Il vise à améliorer le sort des ouvriers en leur proposant à prix modeste une alimentation de qualité à emporter ou consommer sur place.
Basé sur un régime d’entraide hérité de l’esprit mutualiste qui a fleuri au début du siècle, ce système réfute le principe jugé humiliant de l’aumône, qui doit être réservé aux seuls indigents. Il s’agit de restituer leur dignité aux ouvriers en les responsabilisant et de substituer à la logique d’assistanat une logique de solidarité.
La viabilité du projet repose sur la souscription des notables qui assurent l’assise financière du restaurant dans le respect de ce principe de solidarité, synonyme d’égalité.
Le prix d’acquisition de la carte de sociétaire a volontairement été fixé très bas. Elle permet d’obtenir à moindre coût des jetons, distincts selon la famille de produits représentée, destinés à être échangés contre des plats.

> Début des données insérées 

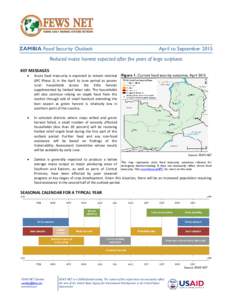 ZAMBIA Food Security Outlook  April to September 2015 Reduced maize harvest expected after five years of large surpluses KEY MESSAGES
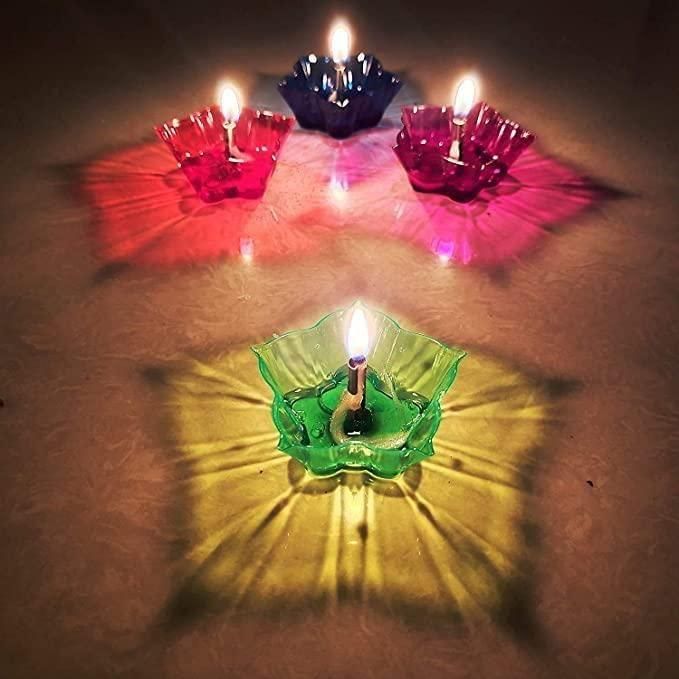 Decorative Floating Diyas for Diwali – Pack of 12 or 24, Multi-Shape Design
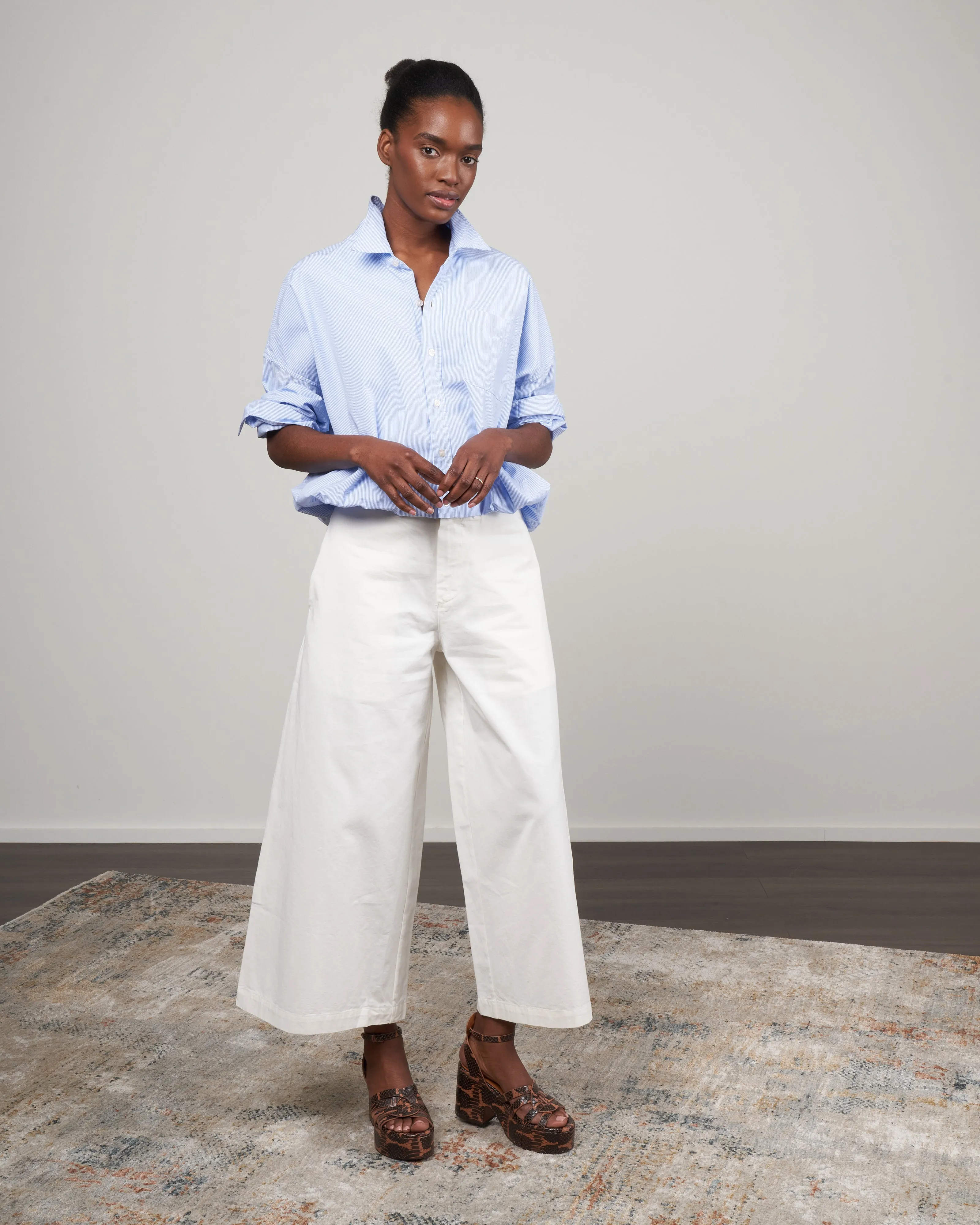 gathered hem shirt - light blue pinstripe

La consommation sur place se fait selon une formule de libre-service, dans l’une des trois salles du restaurant, la première réservée aux hommes célibataires, les deux autres aux femmes seules et aux familles. Un certain ordre moral est ainsi respecté.
Il est demandé aux convives de s’abstenir de toute conversation bruyante, la consommation de vin doit être parcimonieuse et toute discussion d’ordre politique ou religieuse est proscrite.
Controversée dans les milieux conservateurs, qu’ils soient politiques ou confessionnels, l’Association alimentaire de Grenoble fait rapidement des émules et sert de modèle à d’autres types d’expérimentations. Son extraordinaire longévité (1851-1911) fait figure d’exception. Elle tient à la fois à la structure industrielle de Grenoble (petits ateliers incompatibles avec le patronage), et au terreau mutualiste ayant favorisé l’émergence des nombreux réseaux de sociabilité unissant ses défenseurs.